Alexander Gurevich (born February 7, 1944) is an Israeli painter and graphic artist. He was born in Alapaevsk, Ural (former Soviet Union) where his family stayed during World War II. Gurevich's parents divorced when he was young; he and his mother returned to her hometown Leningrad when he was 18 months old. He was raised by his grandparents from mother's side. After finishing high school, he attended the then Leningrad Electrotechnical Institute (LETI) (now Saint Petersburg State Electrotechnical University)  during 1961-1967, majoring in electronic engineering.
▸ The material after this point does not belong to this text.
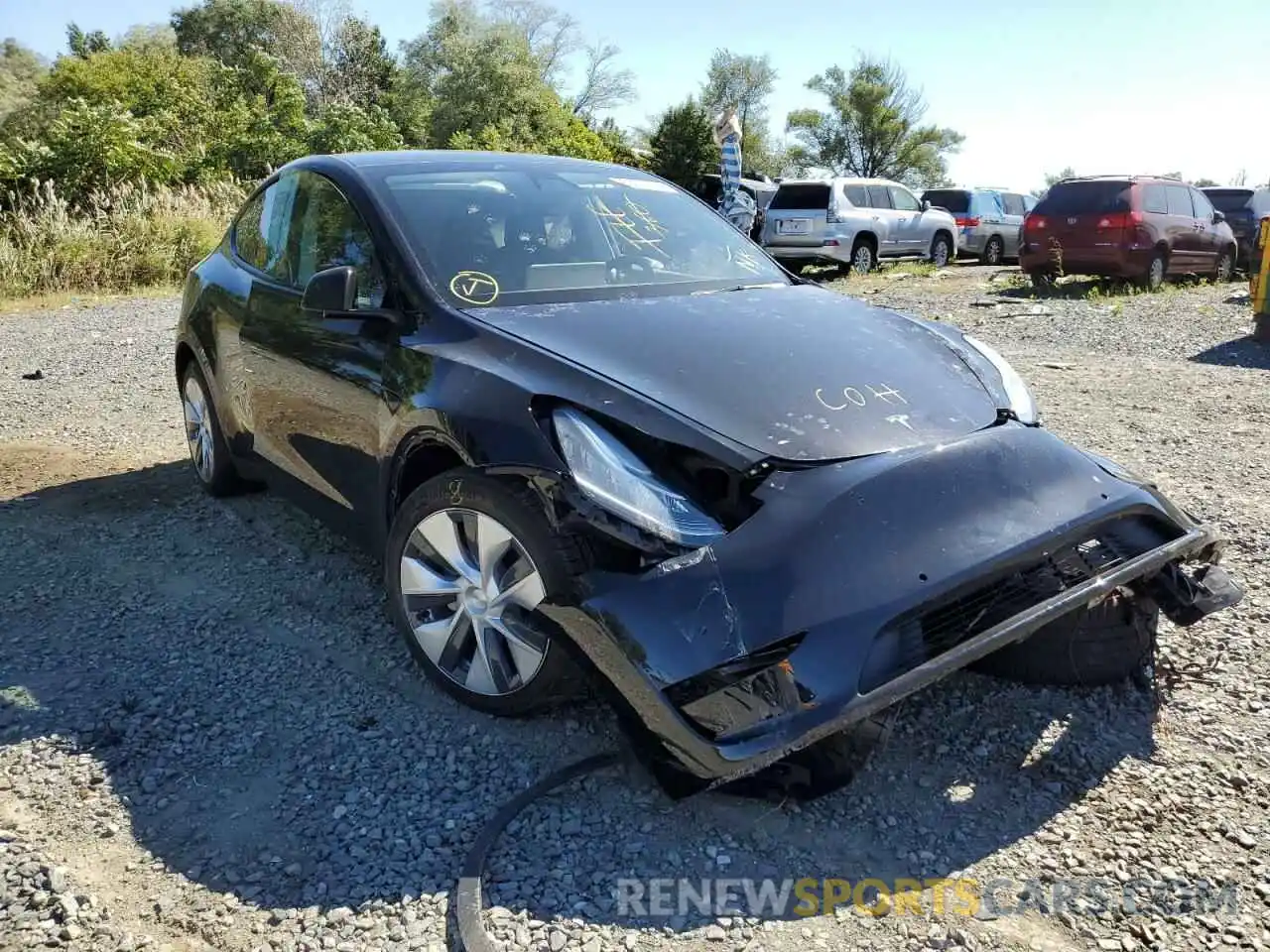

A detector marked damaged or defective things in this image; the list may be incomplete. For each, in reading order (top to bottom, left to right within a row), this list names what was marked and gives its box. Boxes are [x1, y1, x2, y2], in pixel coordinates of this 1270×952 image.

Upon graduation Gurevich worked as an engineer for 5 years. In 1971 Gurevich enlisted into High Art College, named Muhina (now Saint Petersburg Art and Industry Academy), from which he graduated 3.5 years later; after earning a degree in Industrial Design. He worked as a decorator for 15 following years, at the same time pursuing his unofficial creative career as an artist.

Work in the Soviet Union
In the 70s Gurevich took part in various exhibitions of unofficial art, as a member of so-called Fellowship of Experimental Art. In 1975 he became a member of Alef group (a group of Jewish artists, founded by Eugene Abeshaus in Leningrad.)  Their landmark exhibition, which included the artists Alexander Manusov, Anatoli Basin and Alexander Okun, was viewed by four thousand people in its first week alone. Membership to the Aleph group was dangerous politically, and by 1977 the group disbanded. In 1989 he participated in the Art Festival "Creativity under Duress" in Louisville, Kentucky, USA.

Work in Israel
In 1993 Gurevich together with his family emigrated to Israel. He has been living and working in Jerusalem since then. In 1994 he became a member of the Artists House (Beit Amanim) in Jerusalem. In 2008 an album about his life and art was published by Ruvim Braude  in San Francisco, California, USA ("Alexander Gurevich"); with articles by B. Bernstein and N. Blagodatov.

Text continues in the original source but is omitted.